Polemik Ojek dan Taksi Online di Kota Malang

Sebelum Kembali Beroperasi, Penyedia Jasa Taksi Online Harus Lengkapi Syarat

Ilustrasi sopir taksi konvensional 'mengamankan' taksi online di Kota Malang. (Muhammad Choirul)
Ilustrasi sopir taksi konvensional 'mengamankan' taksi online di Kota Malang. (Muhammad Choirul)

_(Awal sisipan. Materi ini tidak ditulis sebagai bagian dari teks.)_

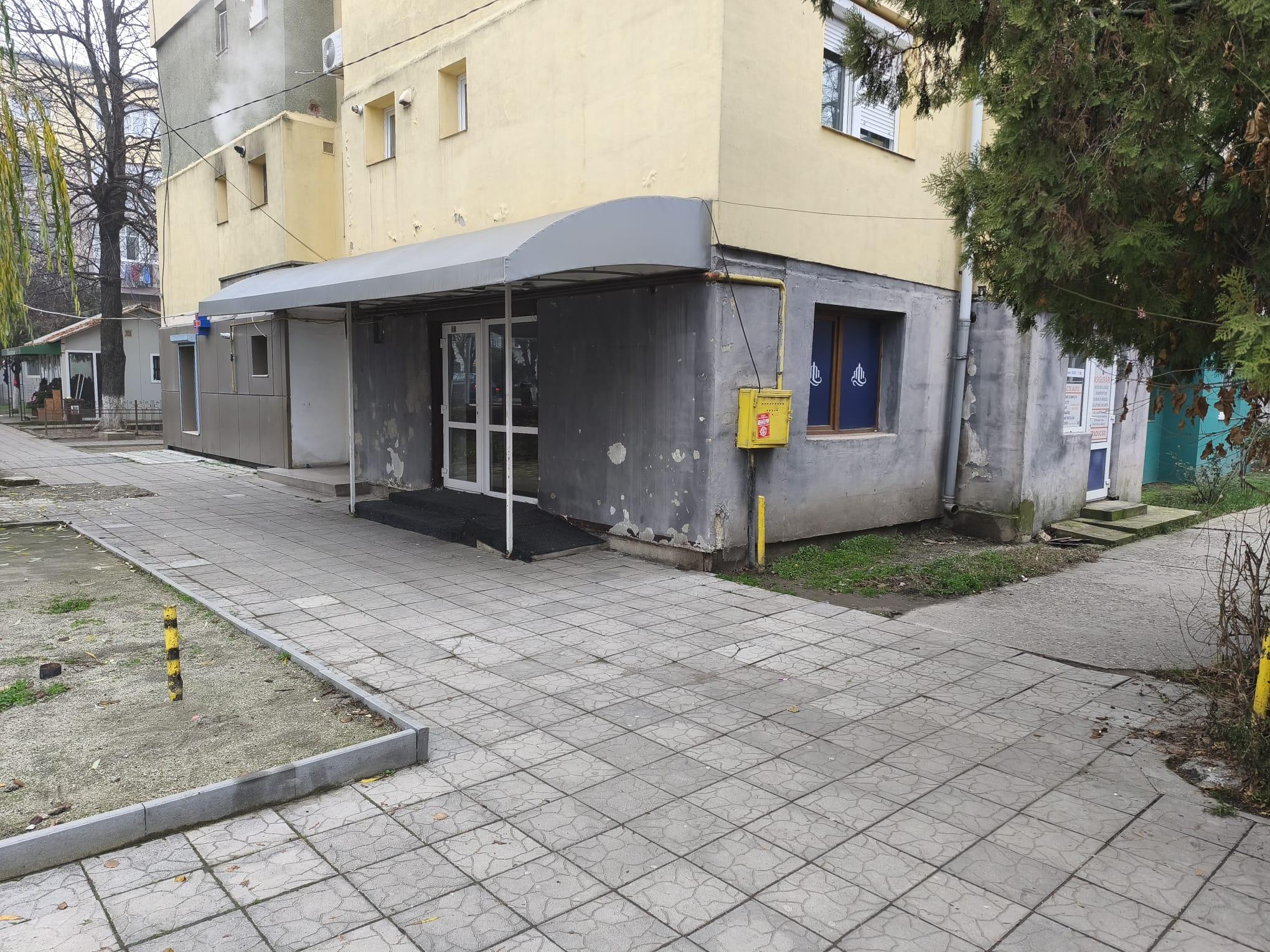 Spatiu comercial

MALANGVOICE – Taksi online bisa kembali beroperasi pada April mendatang, seiring berlakunya hasil revisi Permenhub No 32 Tahun 2016. Wali Kota Malang, HM Anton, memaparkan, ada 11 poin penting yang perlu diperhatikan sebahai syarat legalitas taksi online.

“Transportasi online ini dilindungi, dengan catatan harus menjalankan 11 poin penting. Kami mendapat penjelasan, taksi online ini tergolong jenis angkutan sewa khusus,” tandasnya.

Dengan demikian, setiap armada tidak harus memakai plat tanda nomor kendaraan berwarna kuning, melainkan hitam. Poin berikutnya, yakni ukuran CC kendaraan minimal 1000 CC.

Sementara itu, ada beberapa poin yang menjelaskan belum diaturnya sejumlah aspek, yakni ketentuan tarif, penetapan kebutuhan jumlah armada, pajak, dan sanksi. “Tarif batas atas dan bawah masih didiskusikan, sedangkan penetapan kebutuhan jumlah kendaraan belum diatur,” kata Anton.

Dijelaskan, nantinya jumlah kendaraan di tiap daerah dibatasi yang pembatasannya menjadi wewenang gubernur. Selanjutnya, STNK setiap armada harus berdasarkan penyedia jasa, bukan atas nama perorangan.

“Untuk uji KIR, angkutan online ini hanya perlu melampirkan sertifikat registrasi uji tipe. Nanti ada stiker khusus yang ditempel di kendaraan,” tandasnya.

Selain itu, setiap pengemudi diwajibkan menguasai tempat penyimpanan barang alias bagasi. Penyedia jasa transportasi online juga wajib menyediakan fasilitas peremajaan, atau melibatkan pihak lain untuk bengkel ini.

“Akses di aplikasi juga harus diserahkan kepada Kemenhub dan pemberi izin di tataran Pemda, untuk memudahkan pengawasan,” pungkasnya.